Pictograms are among mankind’s earliest inventions. From the cave paintings at Lascaux and Egyptian hieroglyphics to the pictograms found throughout modern international airports, humans have been conveying ideas through images for thousands of years.
Good pictograms are literal and easy to understand regardless of language or cultural barriers. They convey a single idea. They can be understood on a subconscious level in the blink of an eye. Pictograms are an important aspect of most interior signage solutions and they are crucial to effective ADA signage.
Unfortunately, not all pictograms work as well as they should. To help you avoid choosing or using bad pictograms in your corporate signage design, here is a list of a few pictogram pitfalls:
Stick figures. If it looks like a 5-year-old did it, it isn’t right for your organization – unless you sell pretzel sticks or pipe cleaners. Pictograms need to be recognizable, but not so stylized that they bring undue attention to themselves.
Multiple ideas. A pictogram needs to represent one thing clearly. Trying to cram multiple pieces into a single pictogram is a recipe for confusion.

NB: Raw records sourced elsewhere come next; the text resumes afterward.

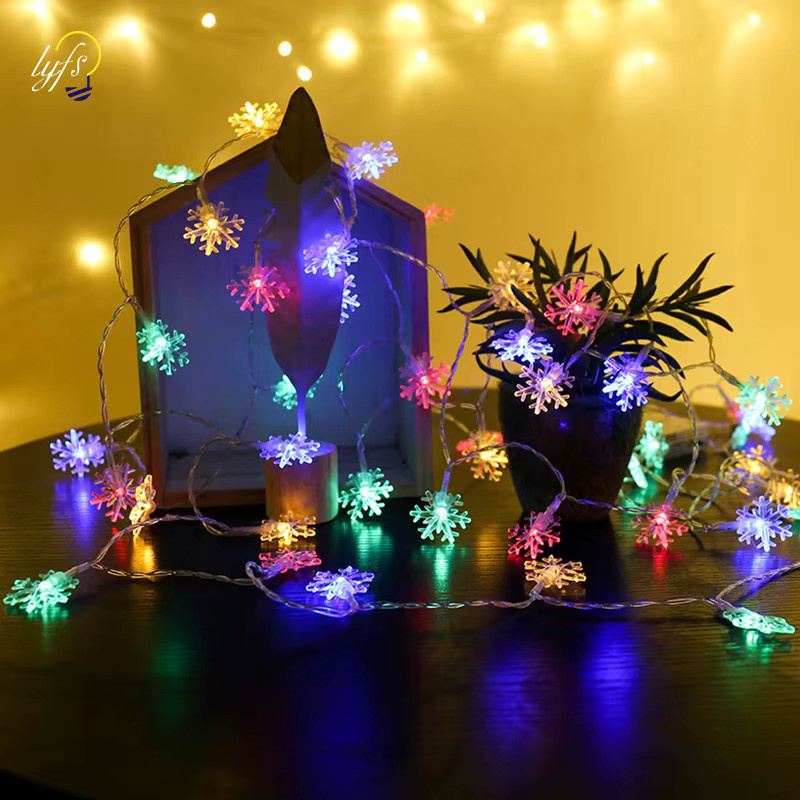 USB LED Schneeflocken Lichterkette mit RGB Multicolour Fee Anhängern für Weihnachten und Winter Dekoration Indoor und Outdoor - Bild 2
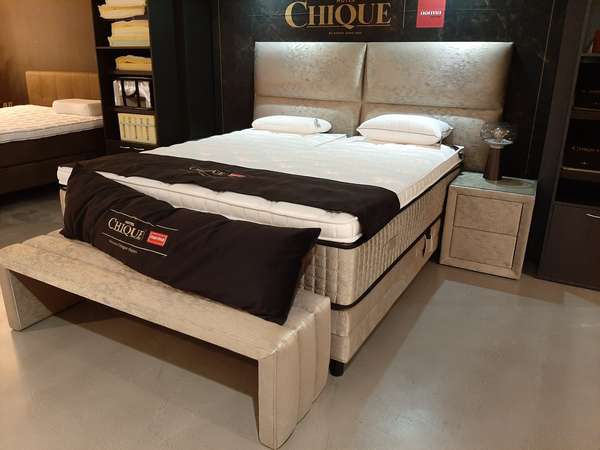 Norma Vanquish boxspring - 180x210 verstelbaar met nachtkastje (set van 2) - Materiaal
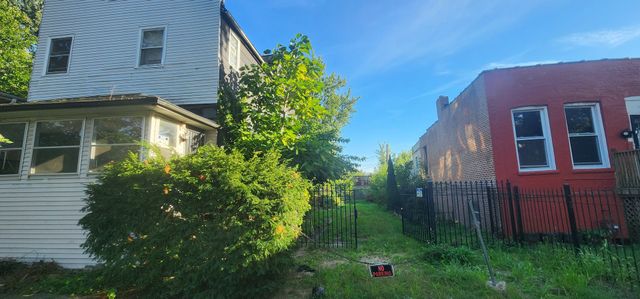 1059 E 80th Street, Chicago, IL 60619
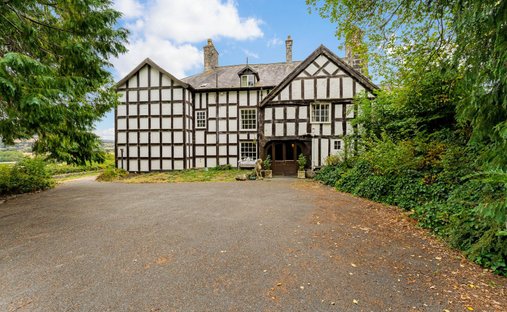 Llanfair Dyffryn Clwyd, Wales 1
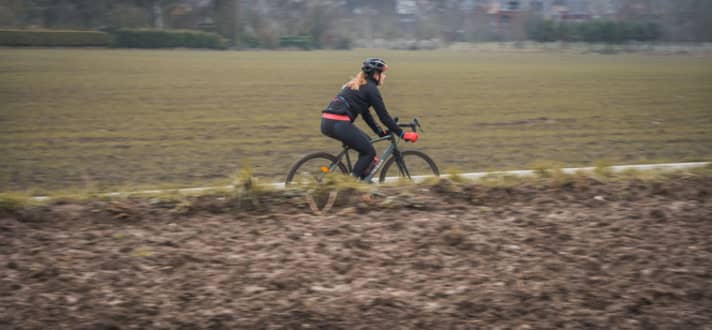   Ungewöhnlich: Erste Fahrtbilder des Herstellers zeigen eine auffällig aufrechte Sitzposition.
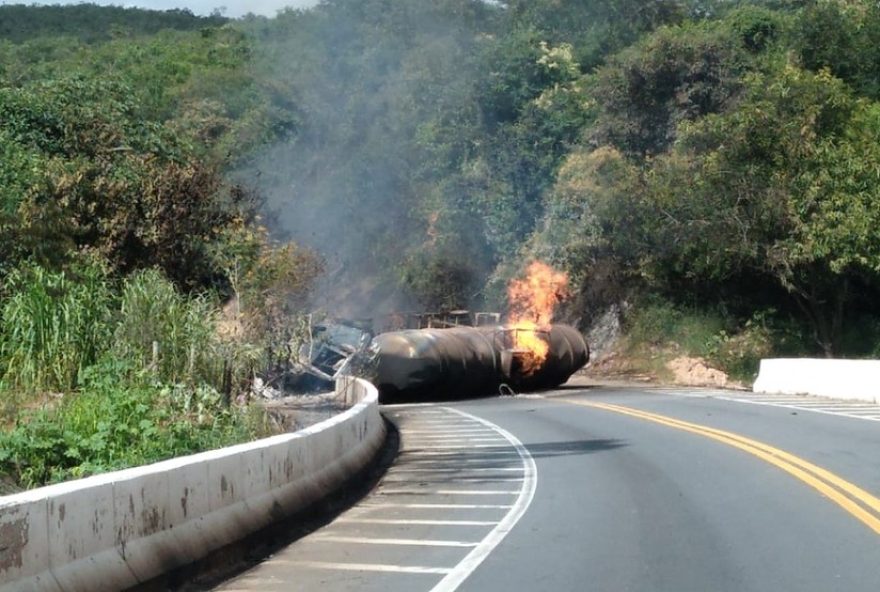 caminhao-tomba-e-pega-fogo-interditando-br-251-em-fruta-de-leite3A-possibilidade-de-carga-de-etanol-e-risco-de-explosao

Lack of context. The pictogram above isn’t bad. In fact, it’s part of an award-winning set produced through collaboration between AIGA, the professional organization for design, and the U.S. Department of Transportation for use in airports and other transportation hubs. The issue here is what may make sense in the context of an airport setting may not make sense elsewhere. (For the record, the pictogram signifies “arriving flights.”)
- Stylized arrows. If you use wayfinding signage to point someone in a given direction, make sure they know they are looking at an arrow.
- Smiley faces. The largest retailer in America can get away with them; you can’t.
- Rainbow colors. Color is important. Color is good. Too much color is a mess. Pictograms should be one color.
- Remember, not all pictograms are created equal, so choose wisely when using them to enhance your ada signage.